Form (concatenate) the entire <option> ... </option> list in a variable, then echo the variable any place you want it or if your whole <select> ... </select> menu is the same each time, form the whole <select> ... </select> menu in a variable and echo the variable any place you want it.

[thecase]

Do you mean something like this

 

$dropdown = " while ($row = mysql_fetch_array($query, MYSQL_NUM))
          {
          <option value={$row['0']}>{$row['1']} {$row['2']} </option>\n
          }  </select>	
        ";

 

It comes back with Notice: Undefined variable: row

[jcbones]

No what they mean is something on the lines of this:

$query = mysql_query("SELECT id, username, lastname FROM users ORDER BY username ASC"); 
echo '<h1>Add Rota</h1>
<table>
<tr>
<td><b>Presenter 1:</b></td>
<td>
<select name="presenter1">
  <option value="0">Pick presenter</option>
  ';


      while ($row = mysql_fetch_array($query, MYSQL_NUM))
          {
          $options[] = "<option value=\"{$row['0']}\">{$row['1']} {$row['2']} </option>\n";
          }
	  
	  foreach($options as $v) {
		echo $v;
		}
        
echo '  
  </select>
</td>
<td></td>
<td></td>
<td></td>
</tr>
<tr>
<td><b>Presenter 2:</b></td>
<td>
<select name="presenter2">
  <option value="0">Pick presenter</option>
  ';

     reset($options);
 foreach($options as $v) {
	echo $v;
}

echo '
</td>

[thecase]

Perfect. Thanks

[ngreenwood6]

Please do not follow the last persons post. You will have more time processing it than you need to. He is essentially doing 3 loops and messing allocating memory for arrays. My solution just puts it into one variable and only does one loop.

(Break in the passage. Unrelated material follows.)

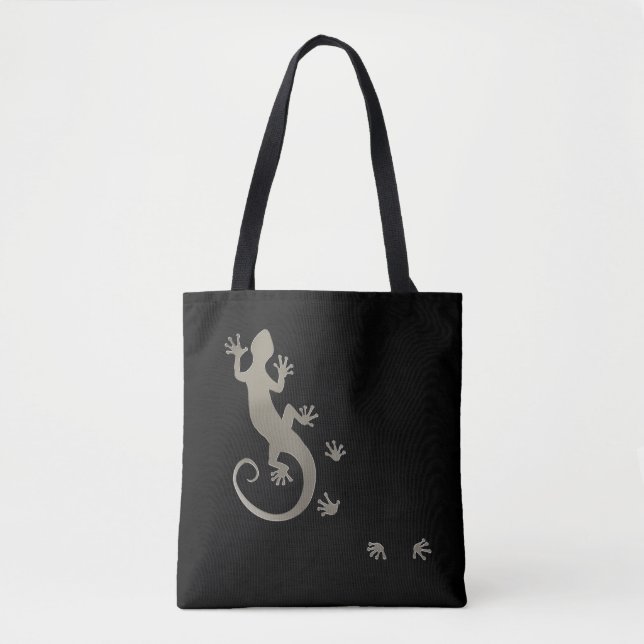 Gecko silber laufen + Ihr Backgr. Ideen Tasche (Vorderseite)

This is what the original poster actually meant:

 

<?php
$query = mysql_query("SELECT id, username, lastname FROM users ORDER BY username ASC"); 

//setup options to hold the options;
$options = '';

while ($row = mysql_fetch_array($query, MYSQL_NUM)){
$options .= "<option value=\"{$row['0']}\">{$row['1']} {$row['2']} </option>\n";
}

?>

<h1>Add Rota</h1>
<table>
<tr>
	<td><b>Presenter 1:</b></td>
	<td>
		<select name="presenter1">
  				<option value="0">Pick presenter</option>
			<?php echo $options; ?>  
			</select>
	</td>
	<td></td>
	<td></td>
	<td></td>
</tr>
<tr>
	<td><b>Presenter 2:</b></td>
	<td>
		<select name="presenter2">
  				<option value="0">Pick presenter</option>
			<?php echo $options; ?>
		</select>
	</td>
</tr>
</table>

[jcbones]

I would concur with the last posters assessment.

[ngreenwood6]

Thanks, wasnt trying to put you down but the whole point of him wanting to do that was to make it more efficient and the method that I provided was. I think its too late though because it doesnt seem like he is viewing this post anymore lol.